Exploring Speculative Parallelism in SPEC2006
Date of Submission:
November 4, 2008
Computer industry has adopted multi-threaded and multi-core architectures as the clock rate increase stalled in early 2000's. It was hoped that the continuous improvement of single-program performance could be achieved through these architectures. However, traditional parallelizing compilers often fail to effectively parallelize general-purpose applications which typically have complex control flow and excessive pointer usage. Recently hardware techniques like Transactional Memory (TM) and Thread-Level Speculation (TLS) have been proposed to simplify the task of parallelization by using speculative threads.

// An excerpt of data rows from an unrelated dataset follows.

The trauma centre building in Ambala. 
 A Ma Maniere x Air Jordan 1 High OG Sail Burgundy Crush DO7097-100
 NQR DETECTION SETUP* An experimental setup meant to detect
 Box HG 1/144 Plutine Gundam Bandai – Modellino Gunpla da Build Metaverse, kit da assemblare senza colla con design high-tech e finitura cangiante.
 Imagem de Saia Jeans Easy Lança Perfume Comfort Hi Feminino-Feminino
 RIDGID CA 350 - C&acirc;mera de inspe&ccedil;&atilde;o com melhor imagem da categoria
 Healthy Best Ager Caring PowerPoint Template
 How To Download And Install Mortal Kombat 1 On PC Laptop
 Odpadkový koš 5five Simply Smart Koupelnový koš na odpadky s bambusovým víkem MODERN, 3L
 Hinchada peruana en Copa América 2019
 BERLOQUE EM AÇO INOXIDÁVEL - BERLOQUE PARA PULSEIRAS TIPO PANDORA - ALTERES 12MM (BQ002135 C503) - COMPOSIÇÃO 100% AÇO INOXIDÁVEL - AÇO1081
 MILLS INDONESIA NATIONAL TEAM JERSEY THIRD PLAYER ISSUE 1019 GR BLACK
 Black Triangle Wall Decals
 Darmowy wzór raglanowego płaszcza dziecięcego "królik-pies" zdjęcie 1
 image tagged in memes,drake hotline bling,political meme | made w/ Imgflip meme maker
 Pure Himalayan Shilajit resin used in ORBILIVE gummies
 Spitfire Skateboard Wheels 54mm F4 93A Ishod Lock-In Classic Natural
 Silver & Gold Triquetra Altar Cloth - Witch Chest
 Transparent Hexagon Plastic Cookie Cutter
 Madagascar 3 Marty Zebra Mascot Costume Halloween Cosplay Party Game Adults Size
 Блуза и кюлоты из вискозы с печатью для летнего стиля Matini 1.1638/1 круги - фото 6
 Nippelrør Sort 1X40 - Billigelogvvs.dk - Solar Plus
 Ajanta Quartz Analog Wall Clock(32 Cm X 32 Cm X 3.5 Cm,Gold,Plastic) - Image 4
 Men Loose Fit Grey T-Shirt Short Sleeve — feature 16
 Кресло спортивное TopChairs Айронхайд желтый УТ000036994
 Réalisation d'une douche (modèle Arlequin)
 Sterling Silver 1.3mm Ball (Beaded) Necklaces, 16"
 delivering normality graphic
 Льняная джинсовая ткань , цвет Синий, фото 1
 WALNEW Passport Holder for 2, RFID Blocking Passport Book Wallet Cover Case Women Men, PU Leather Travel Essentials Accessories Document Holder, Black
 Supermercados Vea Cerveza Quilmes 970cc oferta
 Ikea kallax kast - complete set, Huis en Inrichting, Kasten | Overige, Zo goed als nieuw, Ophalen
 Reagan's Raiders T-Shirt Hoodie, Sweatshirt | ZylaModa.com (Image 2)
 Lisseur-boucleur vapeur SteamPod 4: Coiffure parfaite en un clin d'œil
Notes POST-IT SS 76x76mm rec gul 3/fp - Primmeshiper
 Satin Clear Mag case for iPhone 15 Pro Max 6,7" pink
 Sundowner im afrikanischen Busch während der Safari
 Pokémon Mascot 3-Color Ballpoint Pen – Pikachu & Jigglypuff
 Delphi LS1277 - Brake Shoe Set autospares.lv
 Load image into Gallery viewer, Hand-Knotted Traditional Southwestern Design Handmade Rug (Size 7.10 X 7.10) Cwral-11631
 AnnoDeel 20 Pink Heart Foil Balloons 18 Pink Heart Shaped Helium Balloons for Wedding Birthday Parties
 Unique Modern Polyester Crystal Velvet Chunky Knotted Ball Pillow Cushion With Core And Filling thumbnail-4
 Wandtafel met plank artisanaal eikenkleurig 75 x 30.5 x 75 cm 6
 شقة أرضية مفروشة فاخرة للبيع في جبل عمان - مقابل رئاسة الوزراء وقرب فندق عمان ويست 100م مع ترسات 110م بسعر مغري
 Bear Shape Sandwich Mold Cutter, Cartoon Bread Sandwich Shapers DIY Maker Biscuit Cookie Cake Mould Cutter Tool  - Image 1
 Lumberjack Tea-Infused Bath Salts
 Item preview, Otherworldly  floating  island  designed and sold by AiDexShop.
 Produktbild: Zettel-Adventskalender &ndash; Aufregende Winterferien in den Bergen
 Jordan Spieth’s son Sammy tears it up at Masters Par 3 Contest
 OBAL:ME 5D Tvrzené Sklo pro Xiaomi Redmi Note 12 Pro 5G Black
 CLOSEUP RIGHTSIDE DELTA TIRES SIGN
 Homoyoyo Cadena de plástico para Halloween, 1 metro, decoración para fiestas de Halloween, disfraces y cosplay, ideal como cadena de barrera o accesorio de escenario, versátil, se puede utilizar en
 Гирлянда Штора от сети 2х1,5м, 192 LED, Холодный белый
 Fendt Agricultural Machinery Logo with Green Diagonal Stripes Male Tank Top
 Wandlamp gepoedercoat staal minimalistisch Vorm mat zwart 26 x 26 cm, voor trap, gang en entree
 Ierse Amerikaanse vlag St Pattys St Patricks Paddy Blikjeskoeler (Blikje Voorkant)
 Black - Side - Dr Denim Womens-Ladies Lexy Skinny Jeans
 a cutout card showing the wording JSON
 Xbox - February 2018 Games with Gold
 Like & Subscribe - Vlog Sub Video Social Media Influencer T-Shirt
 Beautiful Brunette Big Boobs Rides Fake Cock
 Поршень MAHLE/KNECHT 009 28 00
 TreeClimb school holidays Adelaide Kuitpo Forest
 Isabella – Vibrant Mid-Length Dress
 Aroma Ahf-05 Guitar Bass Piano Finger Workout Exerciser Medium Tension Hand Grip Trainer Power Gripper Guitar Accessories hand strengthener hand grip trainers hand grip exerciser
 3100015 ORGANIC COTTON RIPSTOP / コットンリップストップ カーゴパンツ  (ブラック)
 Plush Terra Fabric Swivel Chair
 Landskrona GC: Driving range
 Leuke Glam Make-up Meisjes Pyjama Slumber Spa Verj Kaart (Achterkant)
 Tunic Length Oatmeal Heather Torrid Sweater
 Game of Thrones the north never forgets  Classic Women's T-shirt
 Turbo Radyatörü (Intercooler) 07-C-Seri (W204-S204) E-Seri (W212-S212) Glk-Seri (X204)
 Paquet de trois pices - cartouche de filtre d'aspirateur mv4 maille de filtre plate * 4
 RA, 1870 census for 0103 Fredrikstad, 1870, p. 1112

Potential of speculative parallelism in general-purpose applications like SPEC CPU 2000 have been well studied and have shown to be moderately successful. Preliminary work that examined the potential parallelism in SPEC2006 deployed parallel threads with a restrictive TLS execution model and limited compiler support, and thus showed only limited performance potential. In this paper, we first analyze the cross-iteration dependence behavior of SPEC 2006 benchmarks and show that more parallelism potential is available in SPEC 2006 benchmarks, comparing against SPEC2000. Further, we use a state-of-the-art profile-driven TLS compiler to identify loops that can be speculatively parallelized. Overall, we found an average speedup of 60% on four cores over what could be achieved by a traditional parallelizing compiler such as Intel.s ICC compiler on such benchmarks. We also found that an additional 11% improvement could be obtained on selected benchmarks using 8 cores when we extend TLS on multiple loop levels as opposed to restricting TLS only on a single loop level.